Requirement — Please keep the images out and set down the data exactly as given.
Input data below:
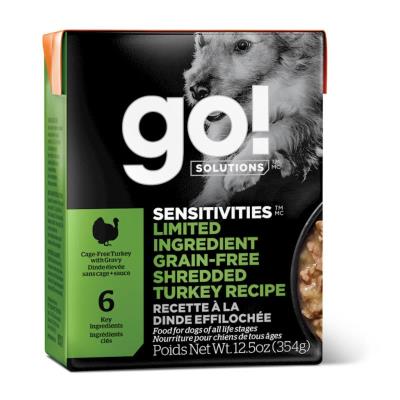 Go! Solutions Sensitivities Limited Ingredient Wet Dog Food, Shredded Turkey, 12.5-oz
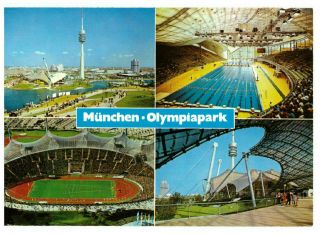 Munchen Olympiapark Munich Olympics 1972 Germany Rare Vintage Multiview Postcard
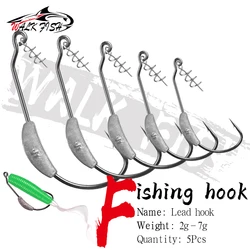 Anzuelo plomado Walk Fish – Acero al carbono con pin resorte para vinilo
End of Input data.
Written answer —
 Go! Solutions Sensitivities Limited Ingredient Wet Dog Food, Shredded Turkey, 12.5-oz
 Munchen Olympiapark Munich Olympics 1972 Germany Rare Vintage Multiview Postcard
 Anzuelo plomado Walk Fish – Acero al carbono con pin resorte para vinilo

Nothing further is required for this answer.